CI Bamboo hung?

mogoodrich · March 3, 2016, 5:38pm

ci.pih-emr.org appears to be hung… jobs are queued but not running and looking at the agents log I see:

There are currently no online remote agents configured on this Bamboo instance.
Mar 3, 2016 4:17:26 PM Remote agent 'gw107.iu.xsede.org (2)' was unresponsive and has gone offline.
Mar 3, 2016 4:17:55 PM Remote agent 'gw108.iu.xsede.org (1)' was unresponsive and has gone offline.
Mar 3, 2016 4:17:55 PM Remote agent 'gw108.iu.xsede.org (2)' was unresponsive and has gone offline.
Mar 3, 2016 5:11:31 PM A remote agent is loading on gw108.iu.xsede.org (127.0.0.1).
Mar 3, 2016 5:11:37 PM A remote agent is loading on gw108.iu.xsede.org (127.0.0.1).
Mar 3, 2016 5:11:42 PM A remote agent is loading on gw107.iu.xsede.org (127.0.0.1).
Mar 3, 2016 5:11:46 PM Remote agent [gw108.iu.xsede.org (4) (2)] came back after a period of inactivity.
Mar 3, 2016 5:11:48 PM A remote agent is loading on gw107.iu.xsede.org (127.0.0.1).
Mar 3, 2016 5:11:50 PM Remote agent [gw108.iu.xsede.org (3) (2)] came back after a period of inactivity.
Mar 3, 2016 5:12:00 PM Remote agent [gw107.iu.xsede.org] came back after a period of inactivity.
Mar 3, 2016 5:12:06 PM Remote agent [gw107.iu.xsede.org (2)] came back after a period of inactivity.
Mar 3, 2016 5:22:25 PM Remote agent 'gw108.iu.xsede.org (1)' was unresponsive and has gone offline.
Mar 3, 2016 5:22:26 PM Remote agent 'gw108.iu.xsede.org (2)' was unresponsive and has gone offline.
Mar 3, 2016 5:22:55 PM Remote agent 'gw107.iu.xsede.org (1)' was unresponsive and has gone offline.

I assume if someone reboots Bamboo and/or the CI machine itself we should be back in business again? Thanks!

@helpdesk

michael · March 3, 2016, 5:39pm

@ryan has just been looking at this in the last hour or so … something is causing the agents to disconnect from the host every few minutes.

mogoodrich · March 3, 2016, 5:40pm

Cool, thanks for the update @michael!

Mark

cintiadr · March 3, 2016, 10:48pm

Taking a look on the logs, will keep an eye.

cintiadr · March 3, 2016, 11:18pm

@michael and @ryan

It’s not really disconnecting every few minutes. It’s reproducible: the agent starts, it picks the first build, predator (the plugin) starts, and the JVM hangs there. After 10 minutes, bamboo server just decides it’s too long, and kills it.

The line on the logs shows it was about the time the plugin was calculating the free disk space.

The weirdest thing ever; running df /
hungs my terminal. I cannot ctrl+C or anything. Why, why on earth cannot discover how much disk we have free???

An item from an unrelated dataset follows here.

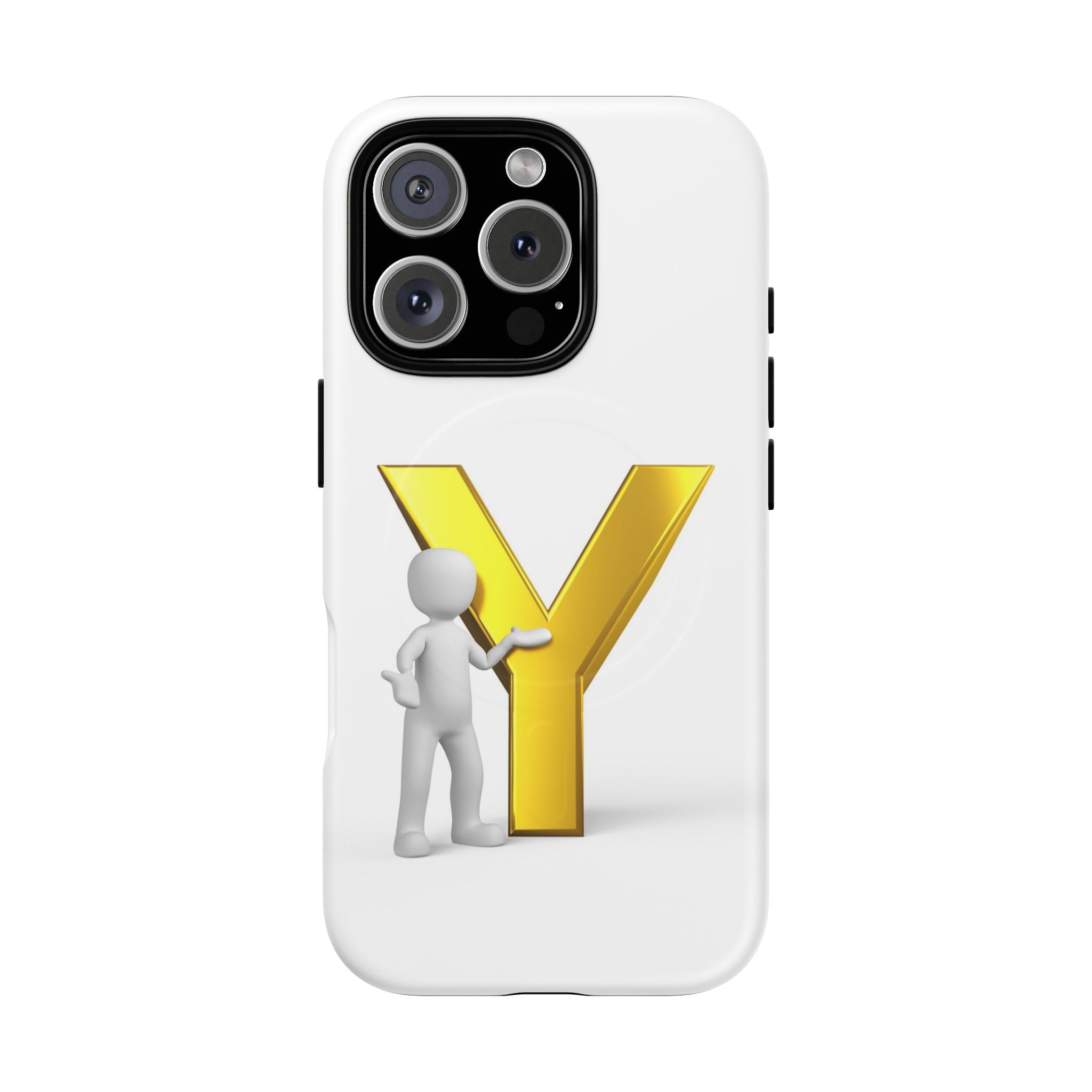 Coque de téléphone Lettre Y Or | Coque magnétique iPhone Monogramme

I’m trying to disable predator for the moment, but it cause unstable snapshot builds, and we need to fix the under laying cause.

michael · March 3, 2016, 11:31pm

As an update for everyone, we’re trying to get the infra provider to do a power reset (well the equivalent of that for virtual machines) on these two agent hosts, in hope that might clear up some of the weirdness. So far, still waiting.

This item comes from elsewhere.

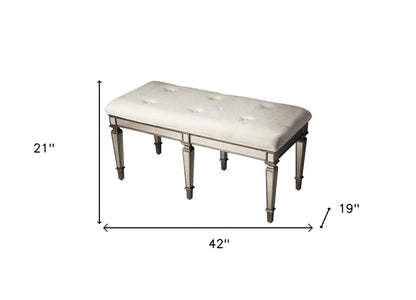 42" Silver Upholstered 100% Cotton Entryway Bench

cintiadr · March 3, 2016, 11:49pm

Predator plugin is disabled.

We discovered that we are out of disk (https://ci.openmrs.org/browse/TRUNK-STAND2-589), even after clean maven cache. I disabled the agent anyway so it won’t simply fail for every queued build.

Without being able to run {df} command, I cannot really tell what is using so much disk (:D). We should have news hopefully tomorrow US time.

mogoodrich · March 4, 2016, 2:49pm

Thanks for the update! A guess is that there are some bamboo build artifacts lying around and piling up?

Mark

cintiadr · March 5, 2016, 10:56pm

Good news, the machines are back! I tried to run some of the builds, and they look OK.

Apparently the problem wasn’t on the VMs (they are now back and have GBs of free disk). Bamboo artefacts are saved on the server, not the slaves, and they are deleted after a couple of build. I tried to delete some big folders on the slaves when the problem manifested itself, no luck.

It was some problem on the VM’s hypervisor (the ‘host’ which runs those VMs), Ryan and Michael tried to contact support about it. I suppose someone fixed it.

mogoodrich · March 7, 2016, 2:26pm

Thanks @cintiadr! Annoying that you all spent so much time on something that seems like it was on the hosting company’s side if I understand correctly?

Take care, Mark